═════ Data section ═════

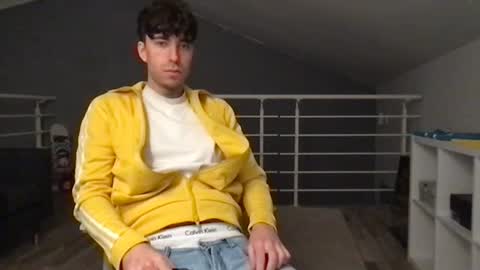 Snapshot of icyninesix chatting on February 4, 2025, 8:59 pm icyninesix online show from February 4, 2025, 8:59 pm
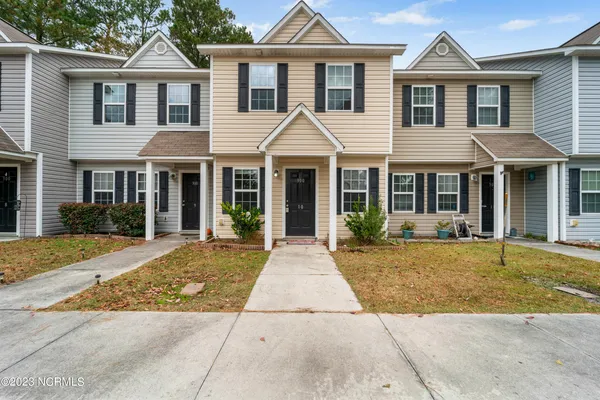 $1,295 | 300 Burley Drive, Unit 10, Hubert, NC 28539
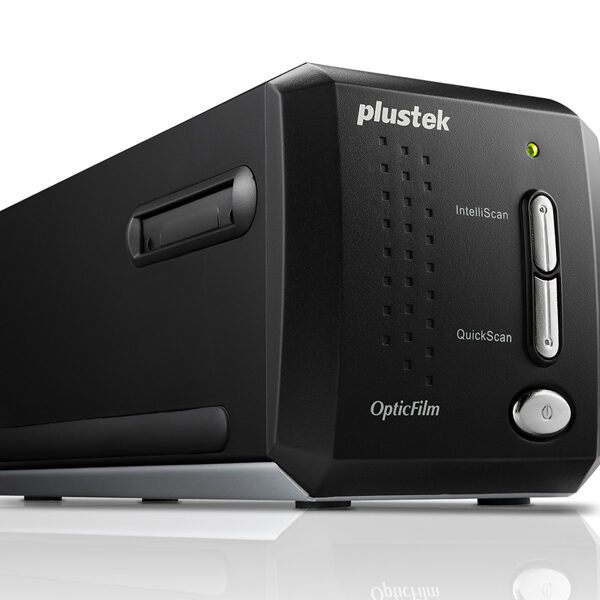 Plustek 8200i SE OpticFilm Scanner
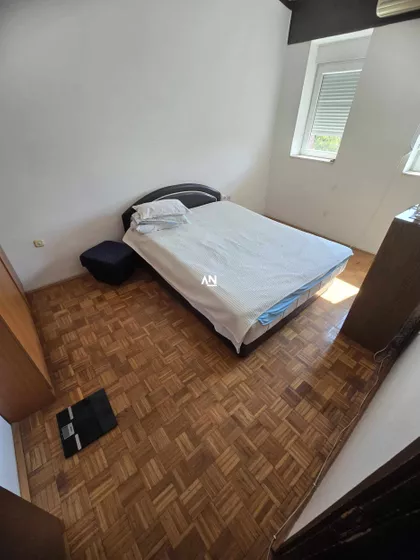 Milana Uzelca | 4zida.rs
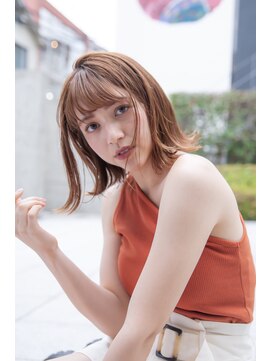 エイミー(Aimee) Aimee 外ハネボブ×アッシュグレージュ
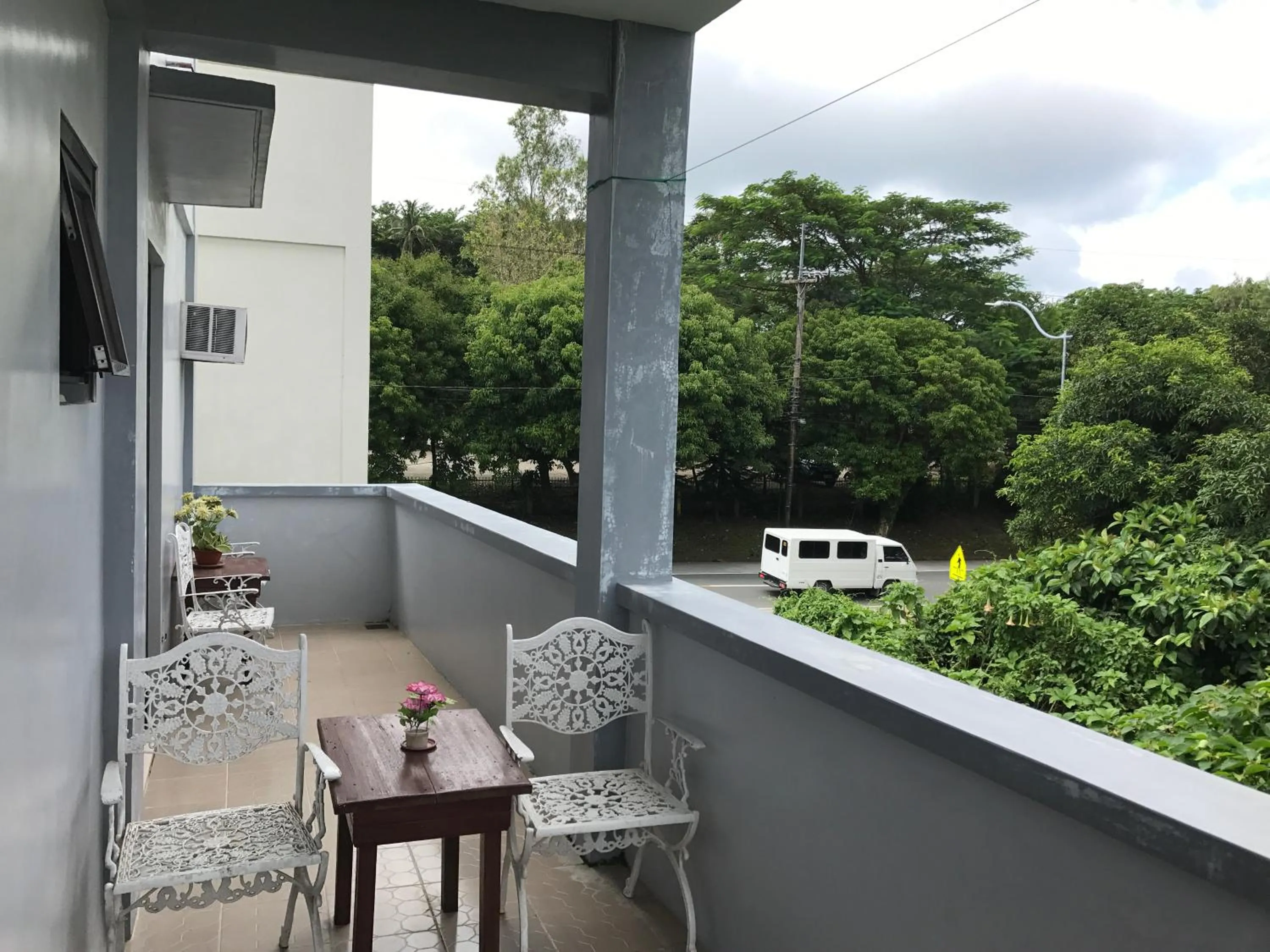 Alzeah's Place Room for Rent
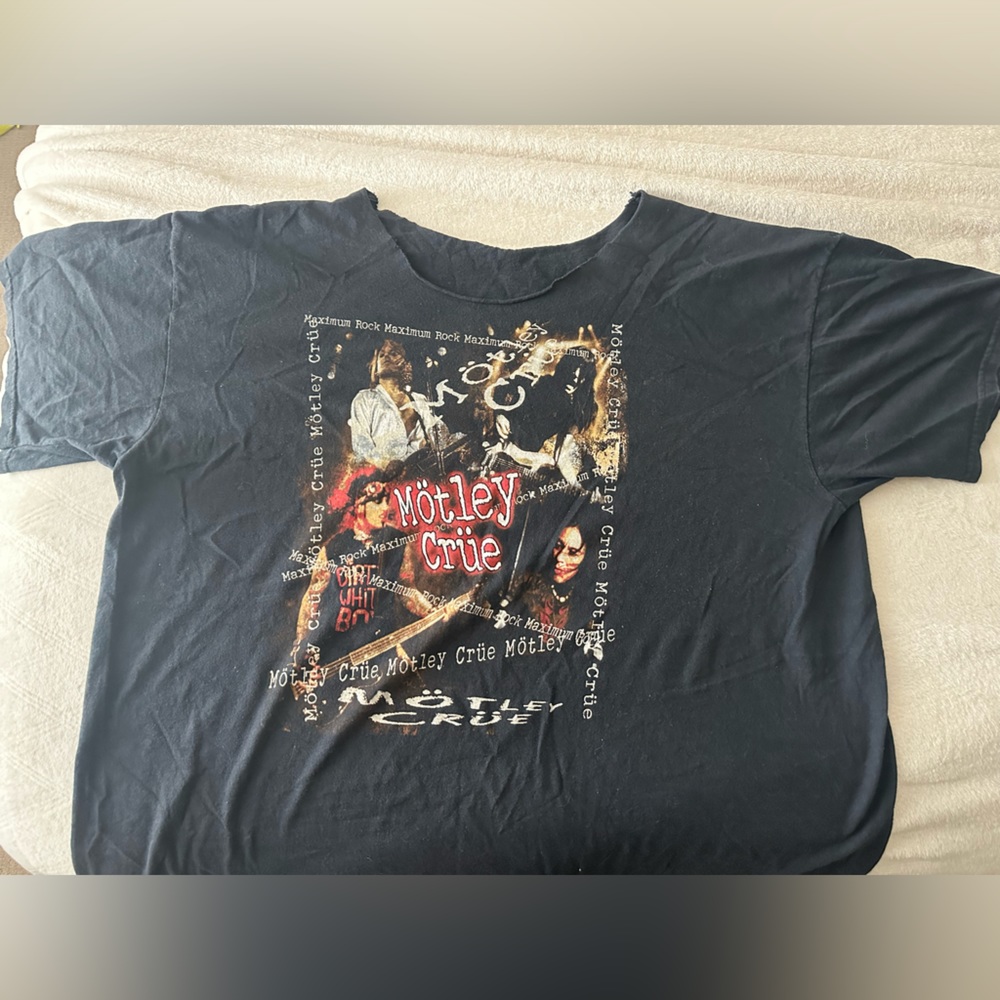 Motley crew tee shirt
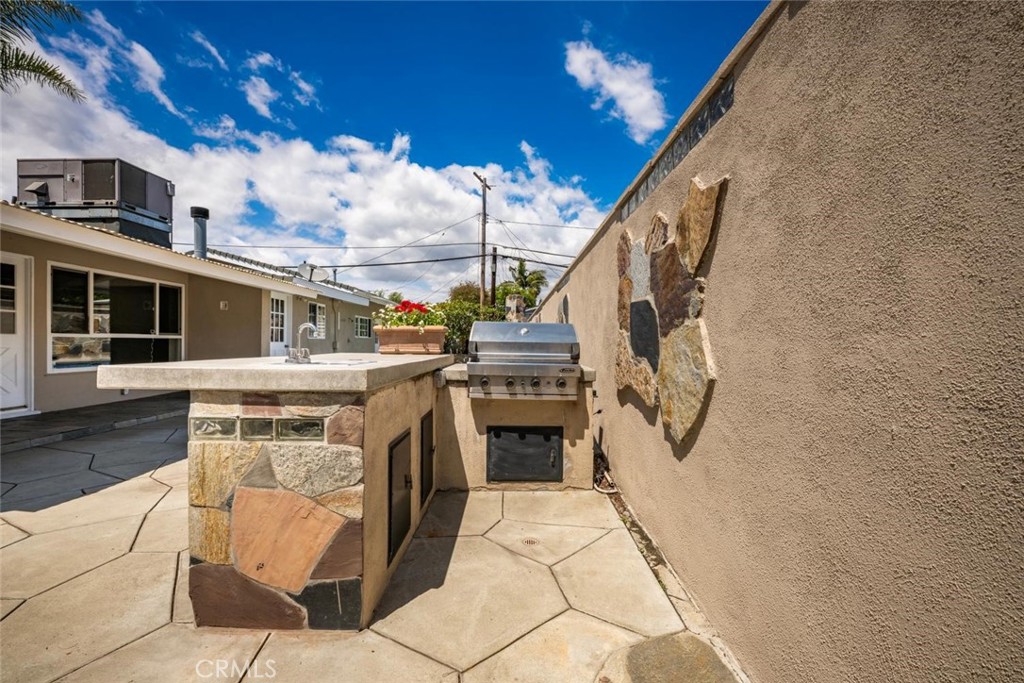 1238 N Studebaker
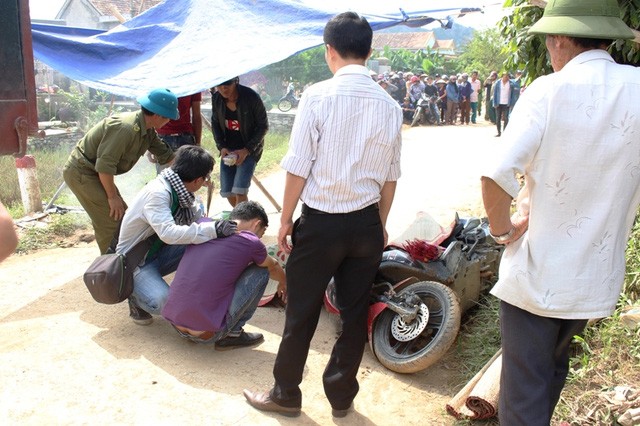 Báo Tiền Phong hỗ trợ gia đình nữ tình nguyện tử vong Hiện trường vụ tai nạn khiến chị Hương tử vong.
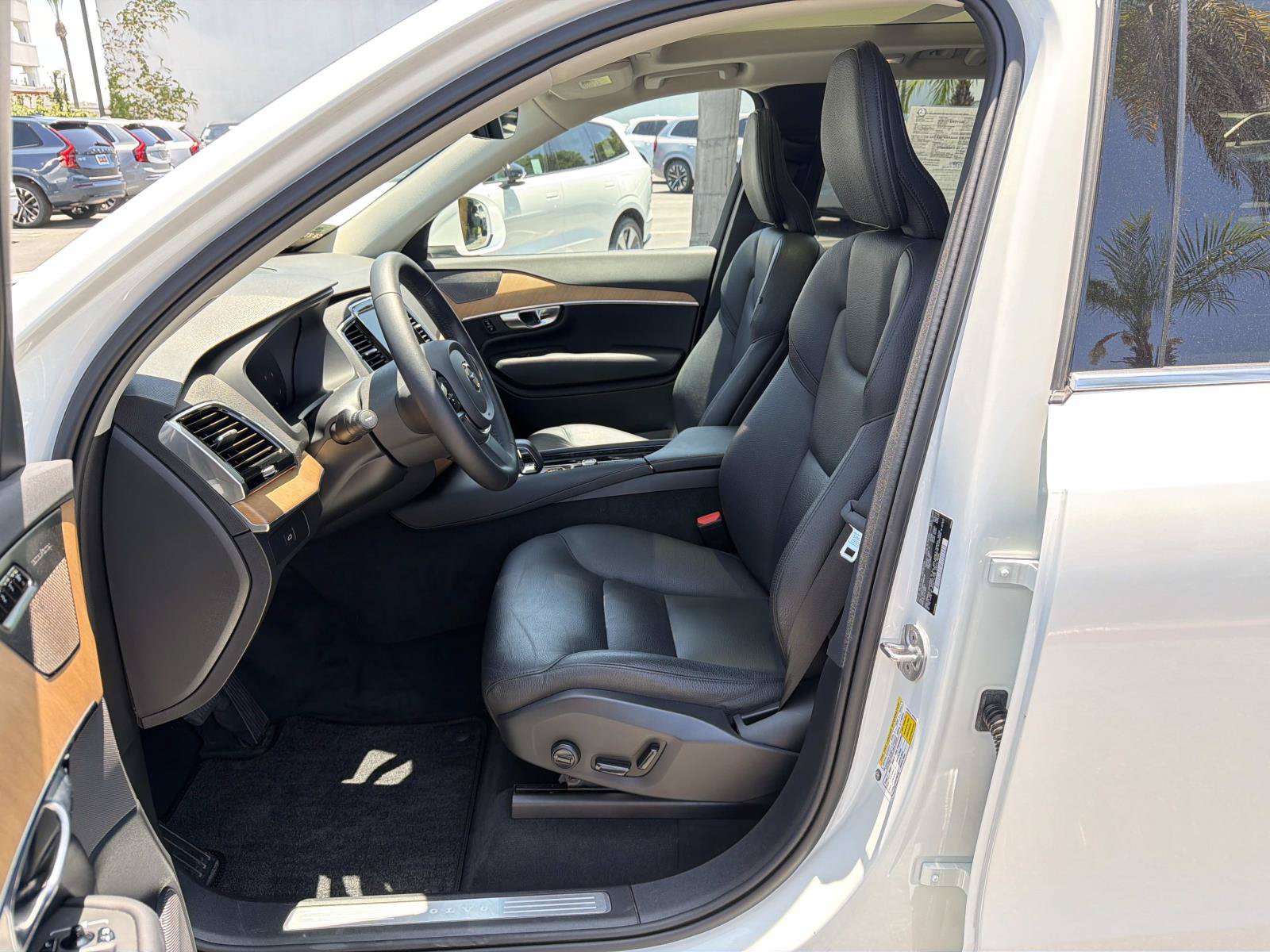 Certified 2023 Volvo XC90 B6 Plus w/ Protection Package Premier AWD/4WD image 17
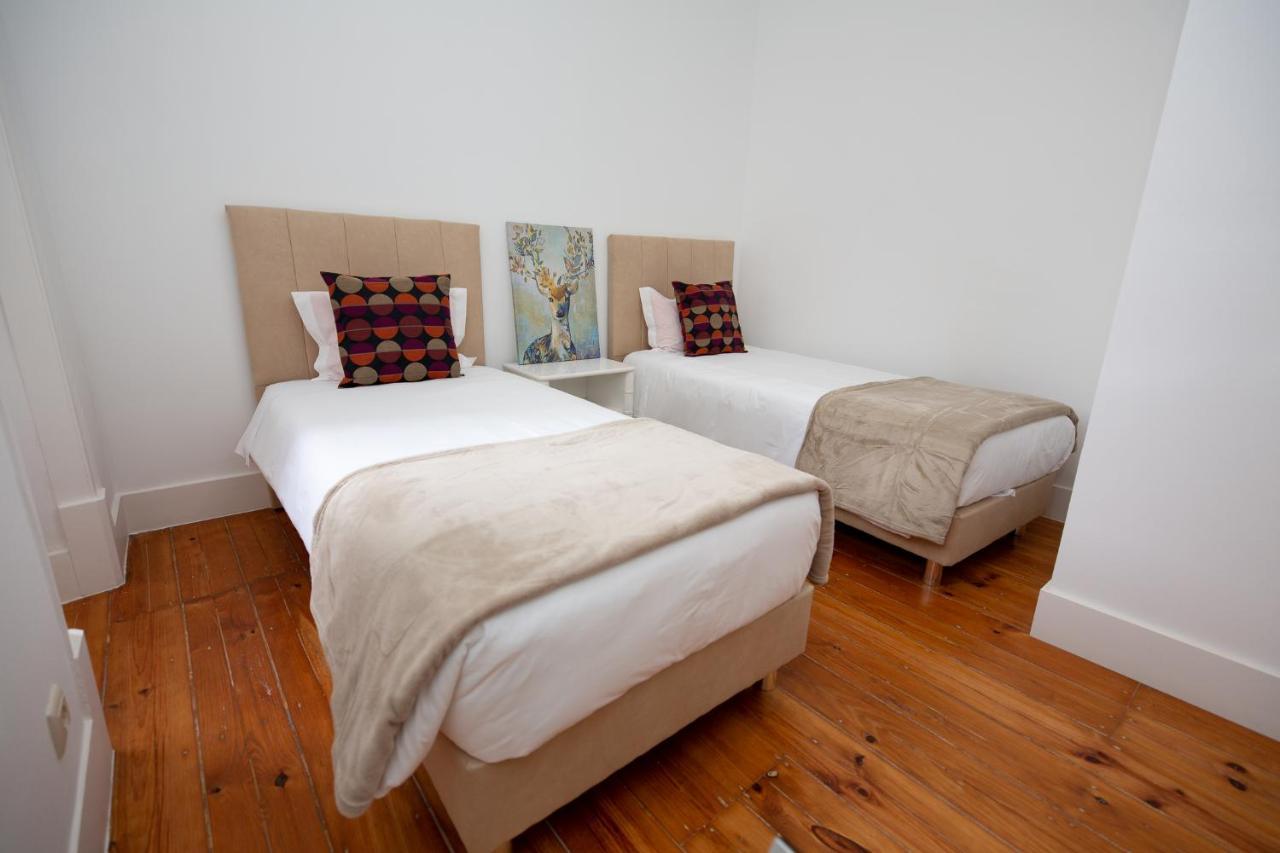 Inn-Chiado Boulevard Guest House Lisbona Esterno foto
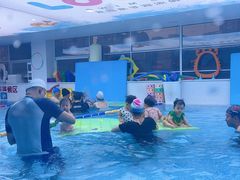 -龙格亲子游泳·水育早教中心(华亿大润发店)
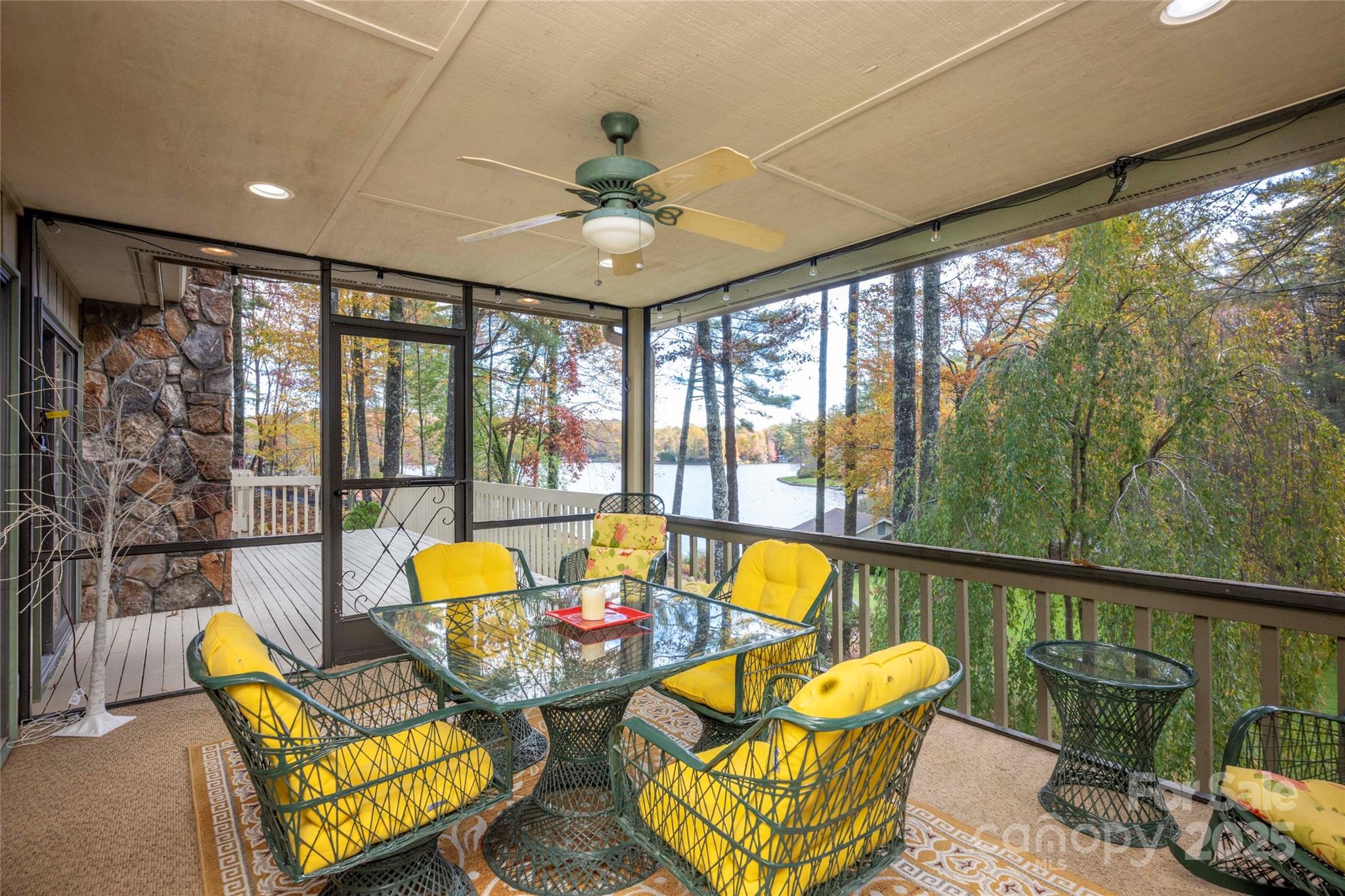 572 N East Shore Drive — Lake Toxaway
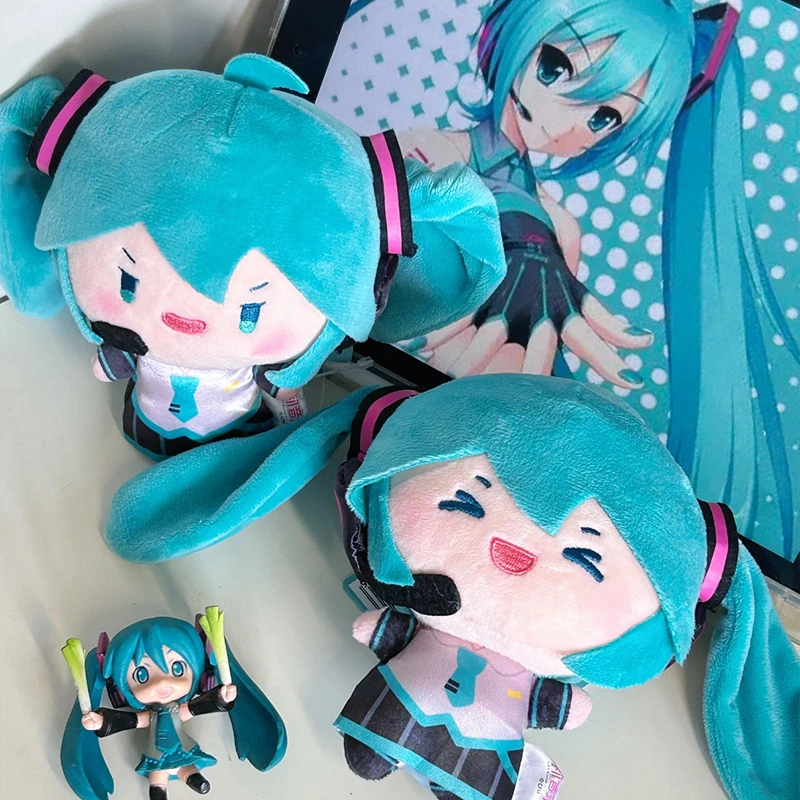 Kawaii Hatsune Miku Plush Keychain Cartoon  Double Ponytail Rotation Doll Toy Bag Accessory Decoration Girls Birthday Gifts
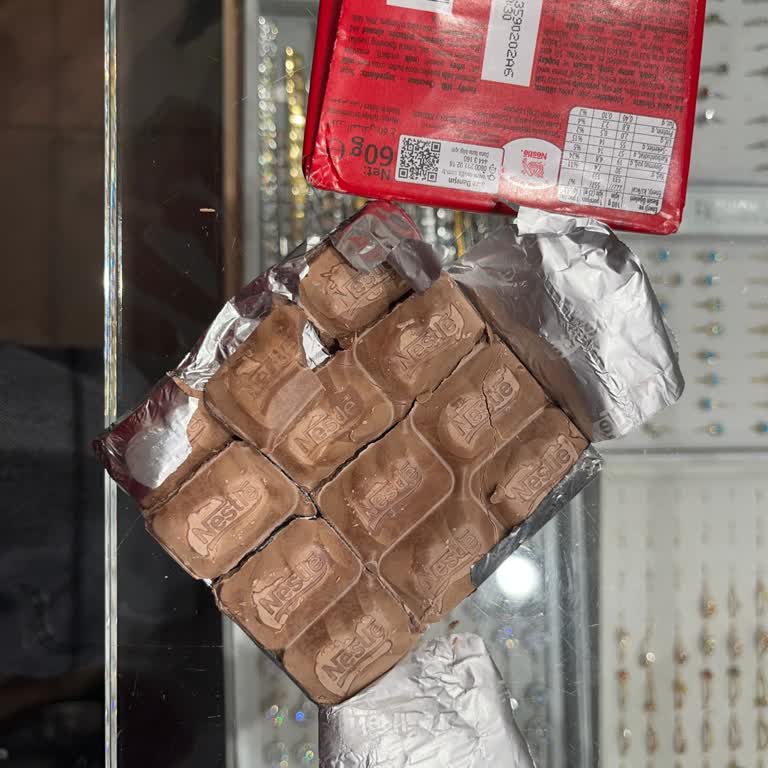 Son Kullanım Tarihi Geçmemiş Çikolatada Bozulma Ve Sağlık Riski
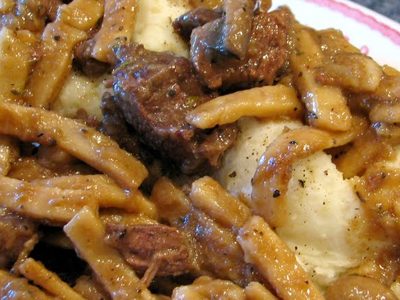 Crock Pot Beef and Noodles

═════

Prompt ->
Make an exact copy of only those lines that run from the line with "-龙格亲子游泳·水育早教中心(华亿大润发店)" through the end of the records, excluding pictures.

Written solution ->
 -龙格亲子游泳·水育早教中心(华亿大润发店)
 572 N East Shore Drive — Lake Toxaway
 Kawaii Hatsune Miku Plush Keychain Cartoon  Double Ponytail Rotation Doll Toy Bag Accessory Decoration Girls Birthday Gifts
 Son Kullanım Tarihi Geçmemiş Çikolatada Bozulma Ve Sağlık Riski
 Crock Pot Beef and Noodles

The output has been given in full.